A high performance pipeline may be designed as superscalar with the following stages. Simple designs may have fewer stages. The number of pipeline stages should be as few as possible in order to reduce the latency of non-predicted jumps.

\begin{itemize}
\item  Fetch. Fetching blocks of code from the instruction cache, one cache line at a time, or as determined by the branch prediction machinery.

\item  Instruction length decode. Determine the length of each instruction. Distribute the first P instructions into each their pipeline, where P is the number of parallel pipelines implemented. Excess instructions may be queued for the next clock cycle. The length of an instruction is determined by two bits of the first code word in order to simplify this process.

\item  Instruction decode. Identify and classify all operands, opcode, and option bits. Determine input and output dependencies. A consistent template system simplifies this step.

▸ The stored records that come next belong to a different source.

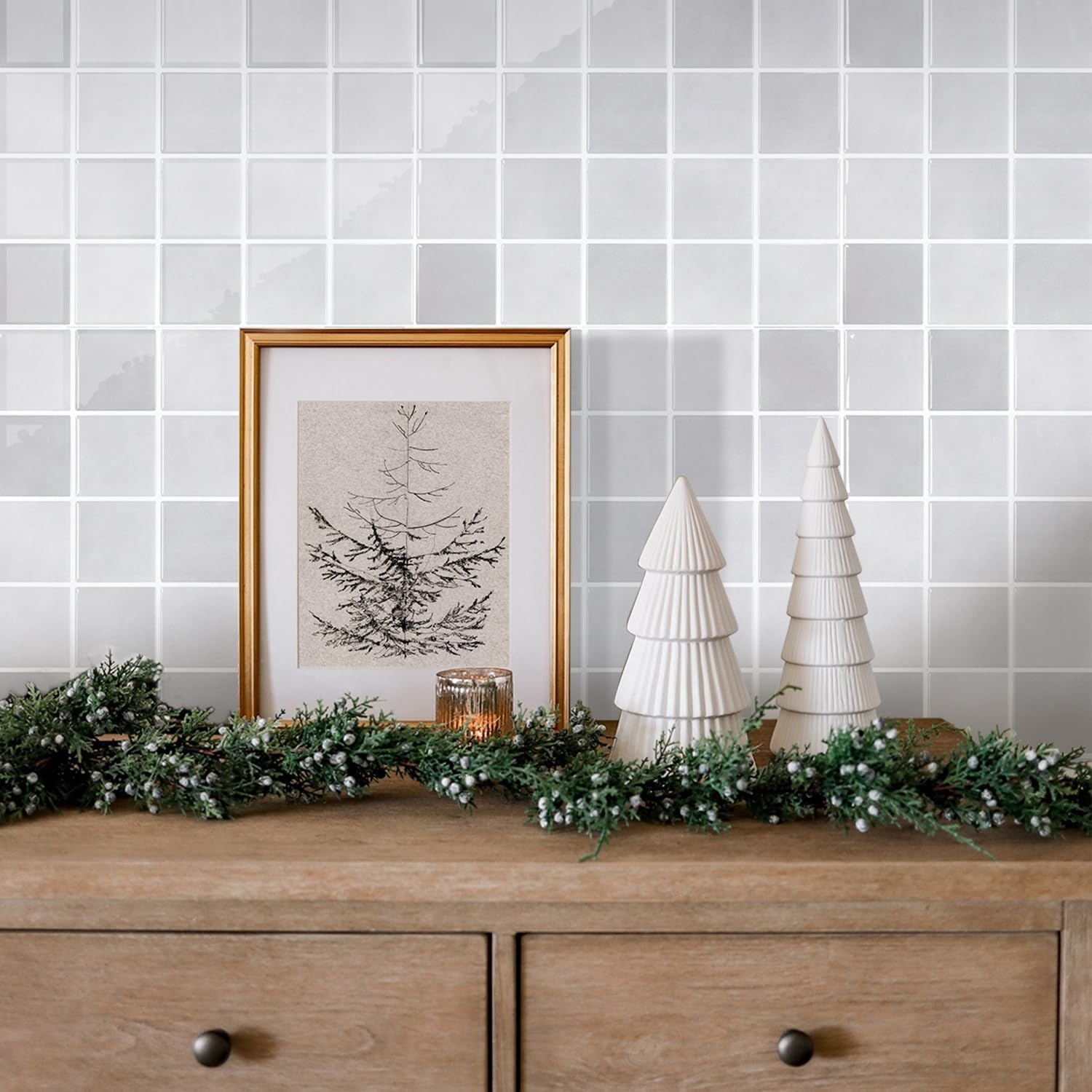 Thicker Peel and Stick Backsplash Tiles- of "- 3D / ST-SM-Q / Light Gray / 12 x 12 / Set of 10
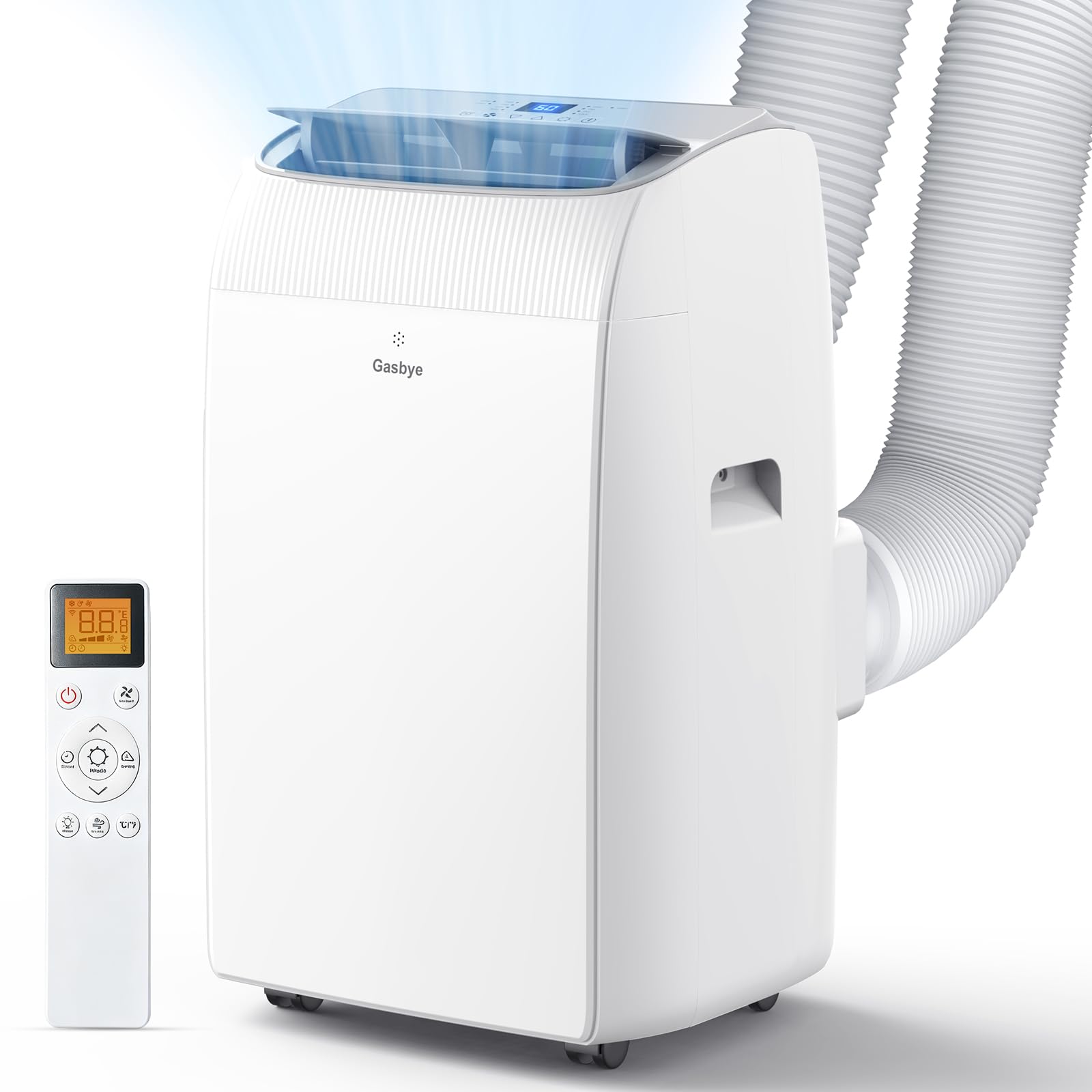 Photo 1 of Gasbye Dual Hose Portable Air Conditioners, 12,000 BTU Portable AC Cools Up to 450 Sq.Ft, Low Noise (45dB), Backlit Remote Control, 3-in-1 Cooling, Fan & Dehumidifier for Large Room, White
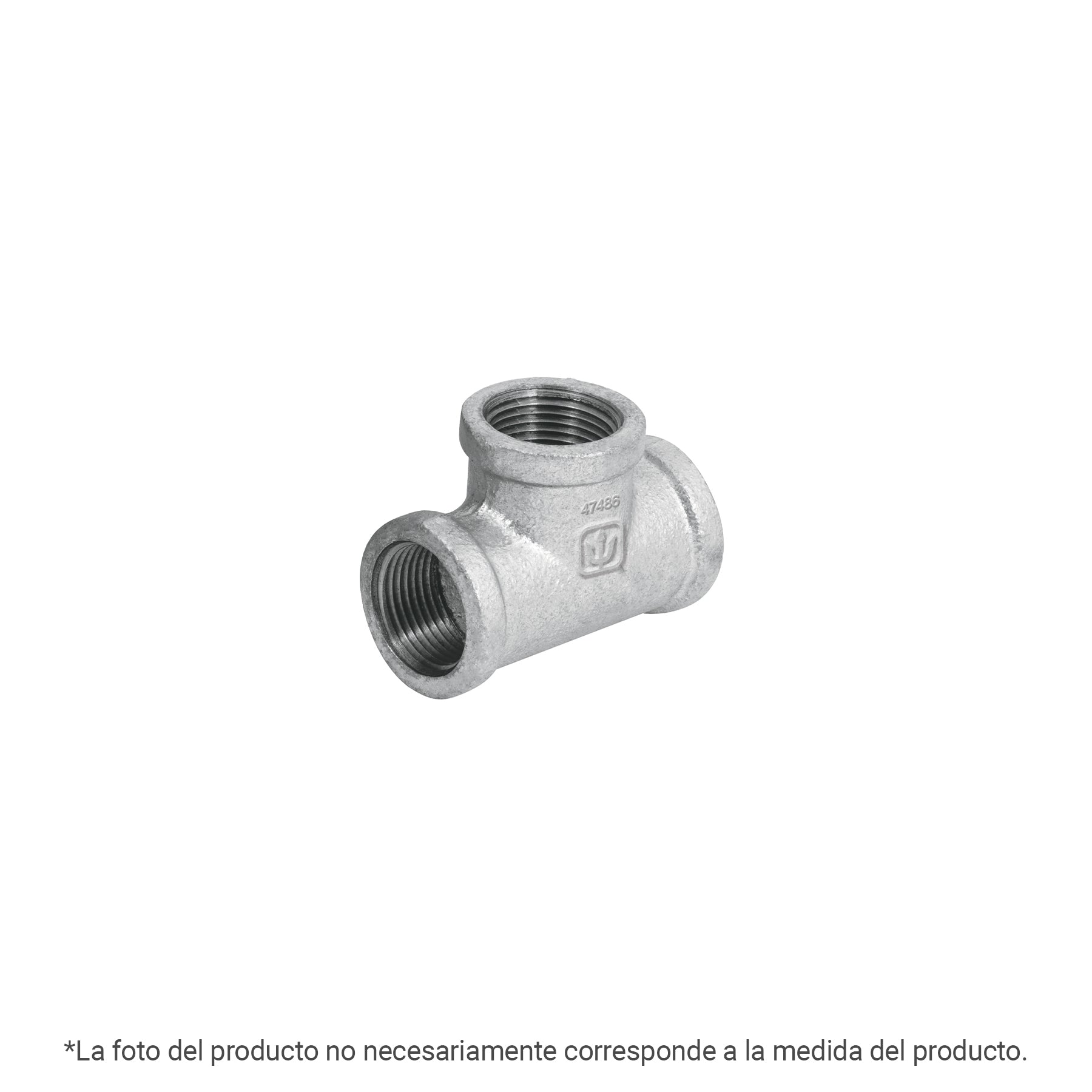 Tee sencilla acero galvanizado 1/4", Foset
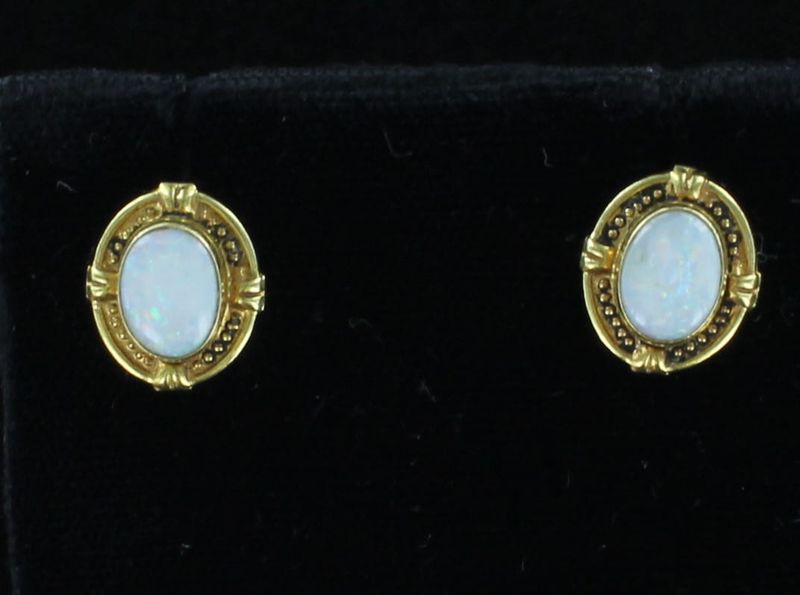 14KTY OPAL STUD EARRINGS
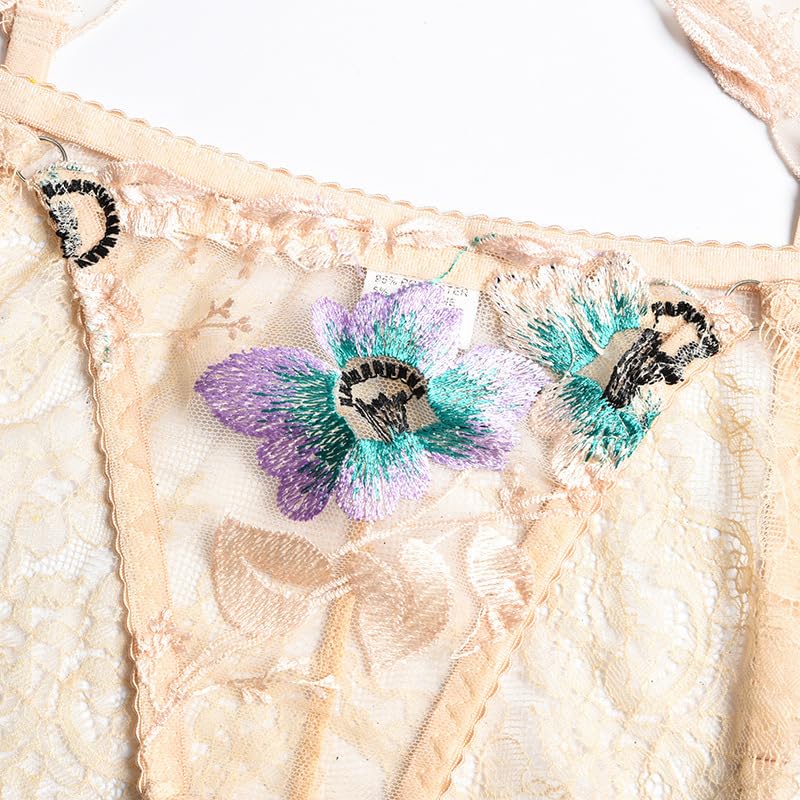 Lingerie sexy femme pour soirée romantique en ensemble jarretières trois pièces dentelle brodée - 4
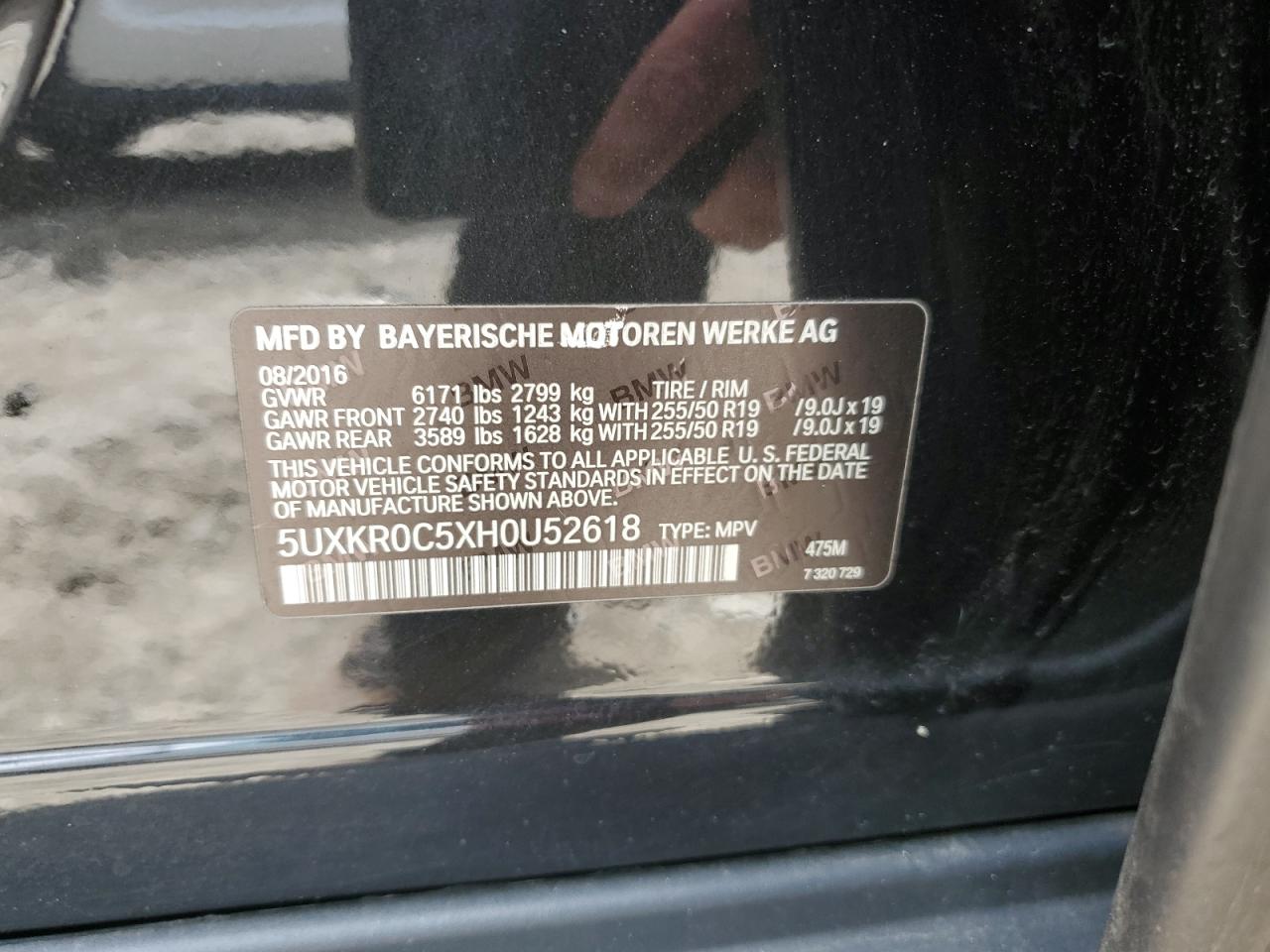 5UXKR0C5XH0U52618 2017 BMW X5 xDrive35I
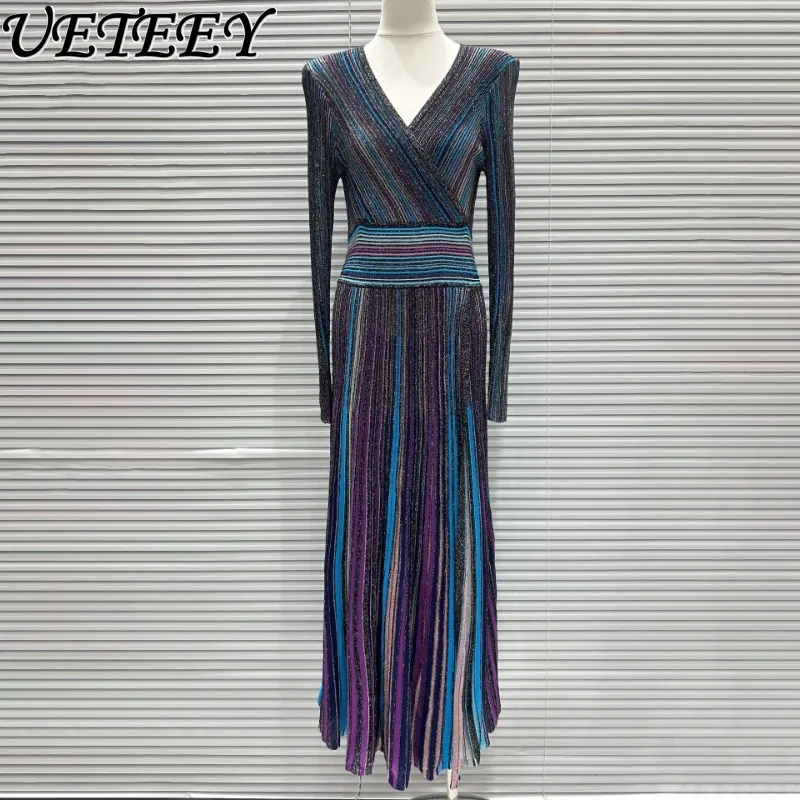 Spring Autumn New Temperament Striped Silver Thread Contrasting Colors Dress Slimming Long Sleeve V-neck Knitted Pleated Dresses
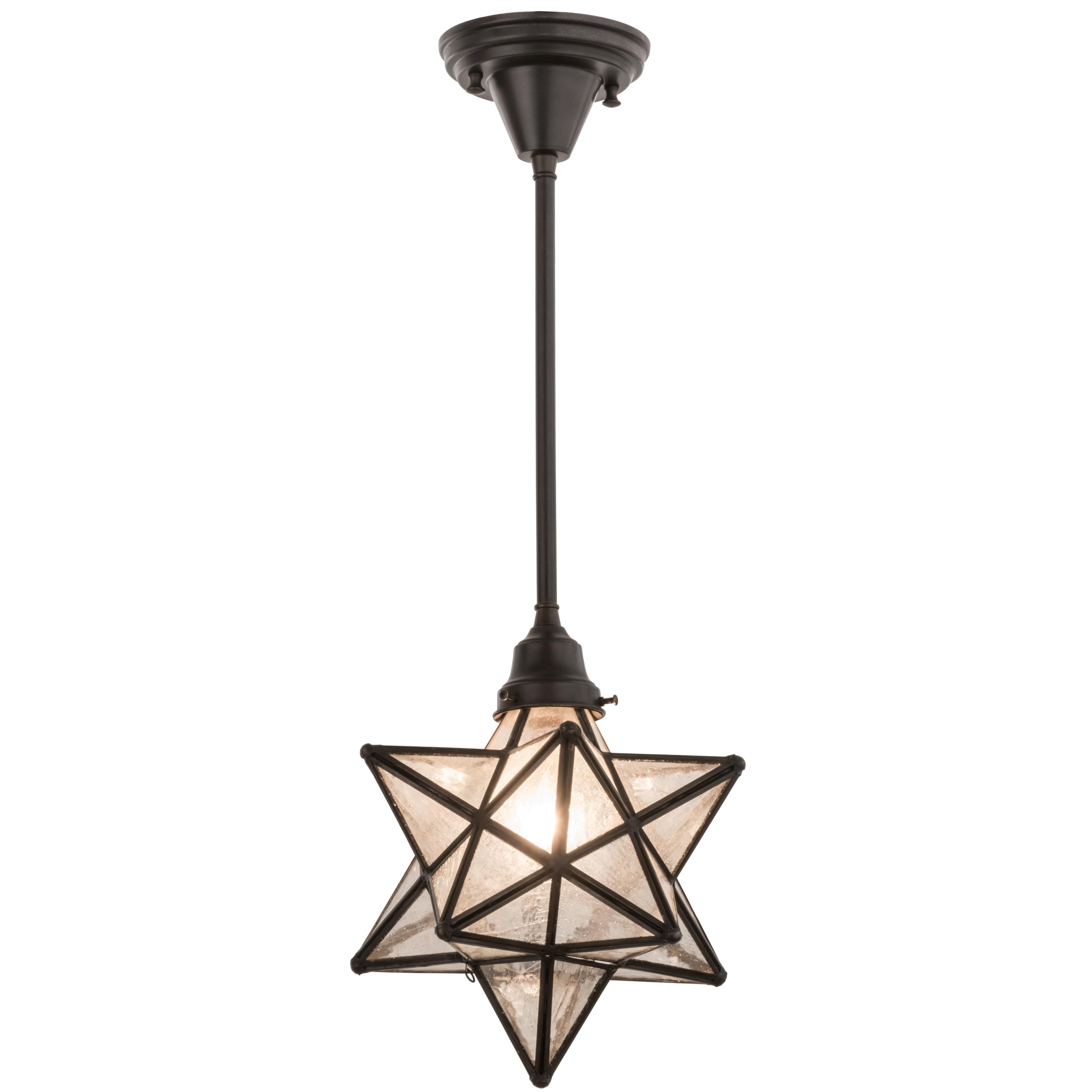 Craftsman Brown Glass Moravian Star Pendant Light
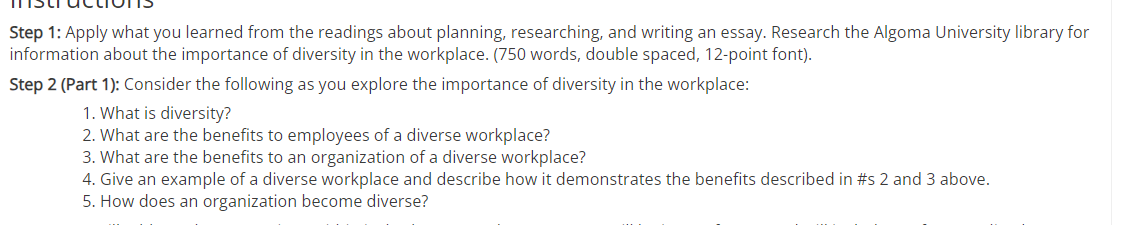 Step 1: Apply what you learned from the readings about planning,
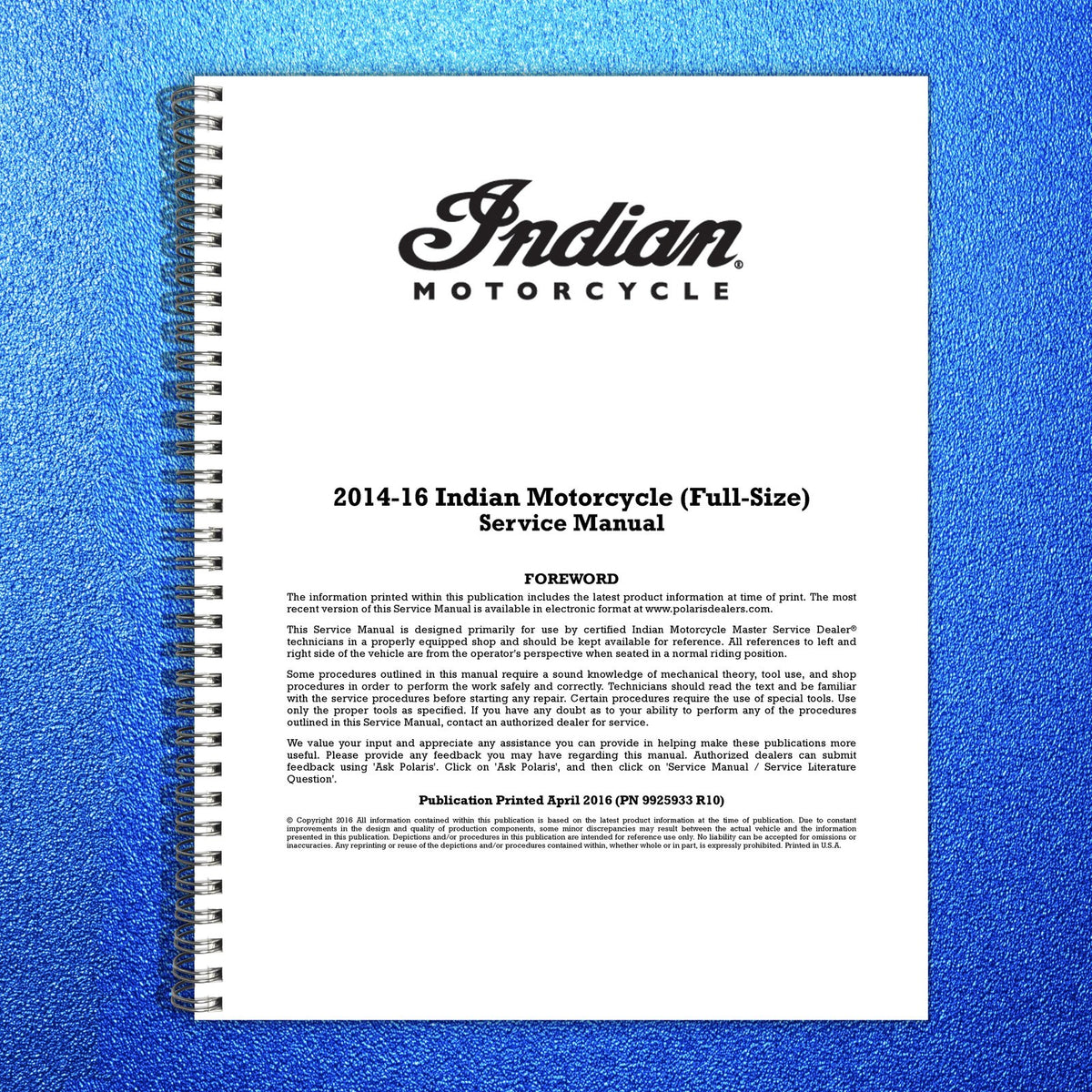 INDIAN Full Size Motorcycle 2014-2024 Service Manual BUNDLE - WIRE BOUND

\item  Calculate address and length of memory operand. Check access rights.

\item  Instruction queue.

\item  Put instructions into reservation station.

\item  Read memory operand. Schedule for execution units. Do calculations that depend on immediate operand only.

\item  Execution units.

\item  Retire or branch.
\end{itemize}

A disadvantage of register renaming and out-of-order execution is that it makes the pipeline long. This increases the branch misprediction delay. A simpler design may have one or more in-order pipelines for integer instructions in general purpose registers and one pipeline for vector registers. Such a design will have fewer pipeline stages, for example:
\vv

\begin{itemize}
\item  Fetch. Fetching blocks of code from the instruction cache.

\item  Instruction decode. Identify and classify all operands, opcode and option bits. Determine input and output dependencies.

\item  Register read. Read any registers needed for address calculation. Other register operands are read as well if the values are available at this stage.

\item  Calculate address and length of memory operand. Check access rights.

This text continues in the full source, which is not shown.